CAT was created by Claire Chennault and Whiting Willauer in 1946 as Chinese National Relief and Rehabilitation Administration (CNRRA) Air Transport to airlift supplies and food into war-ravaged China. It was soon pressed into service to support Chiang Kai-shek and his Kuomintang forces in the civil war between them and the communists under Mao Zedong. Many of its first pilots were veterans of Chennault's World War II combat groups, popularly known as Flying Tigers. By 1950, following the defeat of Chiang's forces and their retreat to Taiwan, the airline faced financial difficulties. In August 1950, the CIA bought out Chennault and Willauer, continuing to operate as CAT, until 1959, when it changed its name to Air America.

Air America's slogan was "Anything, Anywhere, Anytime, Professionally". Air America aircraft, including the Curtiss C-46 Commando, Pilatus PC-6 Porter, de Havilland Canada DHC-4 Caribou, Lockheed C-130 Hercules, and Fairchild C-123 Provider, along with UH-34D, Bell 204B, Bell 205, and Boeing CH-47C Chinook helicopters, flew many types of cargo to countries such as the Republic of Vietnam, the Kingdom of Laos, and Cambodia. It operated from bases in those countries and also from bases in Thailand and as far afield as Taiwan and Japan. It also on occasion flew top-secret missions into Burma and the People's Republic of China.

Operations during the Vietnam War (Second Indochina War) 

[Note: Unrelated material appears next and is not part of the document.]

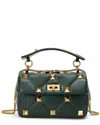 Tiffany & Fred Paris Quilted & Studded Leather Messenger Bag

From 1959 to 1962 the airline provided direct and indirect support to US Special Forces "Ambidextrous", "Hotfoot", and "White Star", which trained the regular Royal Laotian armed forces. After 1962 a similar operation known as Project 404 fielded numerous US Army attachés (ARMA) and air attachés (AIRA) to the US embassy in Vientiane.

From 1962 to 1975, Air America inserted and extracted US personnel, provided logistical support to the Royal Lao Army, the Hmong Army under command of Royal Lao Army Major General Vang Pao and combatant Thai volunteer forces, transported refugees, and flew photo reconnaissance missions that provided intelligence on Viet Cong activities. Its civilian-marked craft were frequently used, under the control of the Seventh/Thirteenth Air Force, to launch search and rescue missions for US pilots downed throughout Southeast Asia. Air America pilots were the only known private US corporate employees to operate non-Federal Aviation Administration-certified military aircraft in a combat role.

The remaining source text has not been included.